1. Artikel aus dem Kosmetikbuch
Das Gesichts-Make-up
Für das Gesichts-Make-up gibt es eine ganze Reihe von Bezeichnungen. In der Sache geht es jedoch immer um ein und dasselbe: um einen bräunlich frisch aussehenden Teint.
- Das unkomplizierteste Make-up ist die getönte Tagescreme. Sie unterscheidet sich von einer normalen Creme ur durch den Zusatz von Farbpigmenten und wird direkt auf die Haut aufgetragen. Die getönte Tagescreme hat jedoch keine abdeckende Wirkung.

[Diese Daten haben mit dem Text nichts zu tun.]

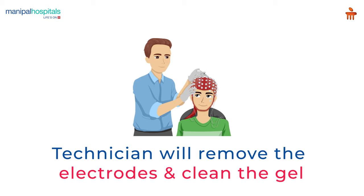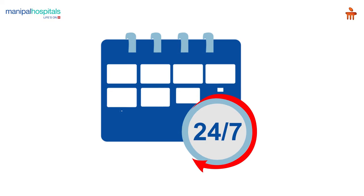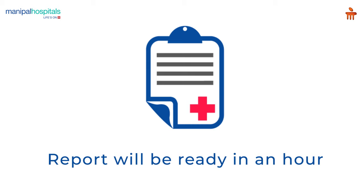Post-procedure, the technician will remove the electrodes and clean the gel with cotton and tissue. This procedure is absolutely painless and you can resume your daily routine activities after it. Your reports will be issued in an hour at the reception after the procedure.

- Unter Foundation, Grundierung oder Make-up versteht man ein Produkt, das zusätzlich zur normalen Tagescreme aufgetragen wird. Ein Make-up soll abdecken. Seine Grundlage ist, wie bei jeder anderen Creme, eine Emulsion aus Ölen, Fetten, Wachsen erweitert um Puderbestandteile wie Talkum sowie um Farbpegmente. Make-ups können also durchaus pflegend sein. Doch für sie gilt das Gleiche wie für jede Emulsion: Die Qualität steht und fällt mit den Inhaltsstoffen - und es lohnt sich zu vergleichen.

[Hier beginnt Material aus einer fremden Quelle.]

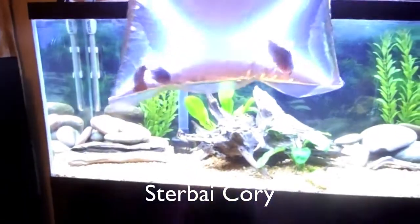In the past I had some Sterbai cories — however you want to say them — and I loved them, but the African leaf fish killed them. So I got three of them; they're probably my favorite type of cories.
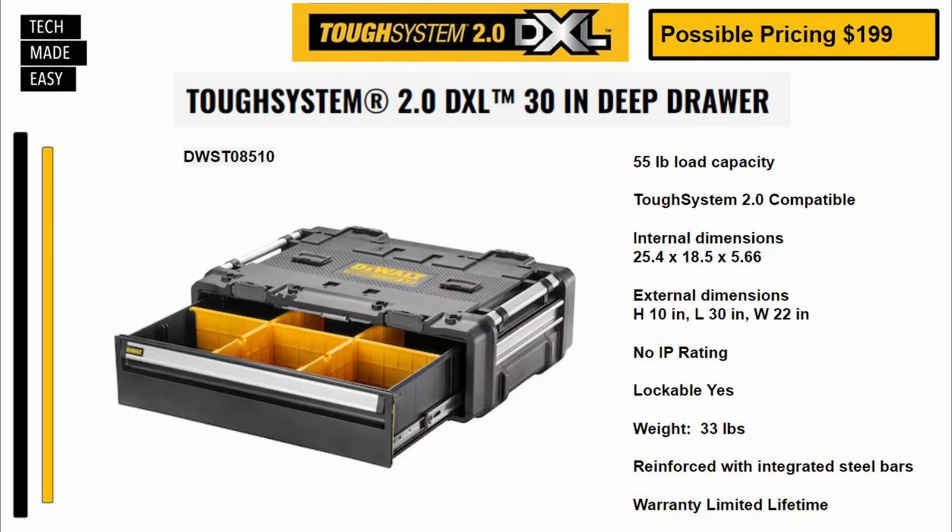Here's the first one — this is called the 30-inch Deep Draw. Part number DWST08510. Possible pricing should be about $199. This has a 55-pound load capacity and is compatible with Tough System 2.0. Internal and external dimensions are listed. No IP rating. It is lockable. This thing weighs 33 pounds, is reinforced with integrated steel bars, and has a limited lifetime warranty.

- Wie intensiv ein Make-up deckt, hängt in der Regel davon ab, wie flüssig oder fest es ist. Ein flüssiges Make-up, zumeist eine Wasser-in-Öl-Emulsion, deckt leicht ab, das cremige stärker, ein festes Make-up noch etwas mehr und die sogenannte Camougflage (Theaterschminke) ist die intensivste Abdeckung.
Der Gesichtspuder
Gesichtspuder soll decken, Fett und Feuchtigkeit aufnehmen, gu haften und möglichst seidenweich sein. Jeder Puderrohstoff wird zunächst einmal sehr fein zermahlen, gesiebt und dann mit flüssigen bzw. halbfesten Komponenten gemischt.
- Häufigste natürliche Pudergrundlagen sind Talkum und Kaolin. Talkum ist ein weißer, geruchloser Stoff, der gründlich gereinigt und desinfiziert wird und vor allem frei von Asbest sein muss. Er vermittelt als Pudergrundlage ein angenehmes Hautgefühl, da Talkum ein sehr speckiger Stein ist. Kaolin hat diesen natürlichen Vorteil nicht in dem Maß und wird darum beispielsweise mit Jojobaöl besprüht, um der Haut zu schmeicheln.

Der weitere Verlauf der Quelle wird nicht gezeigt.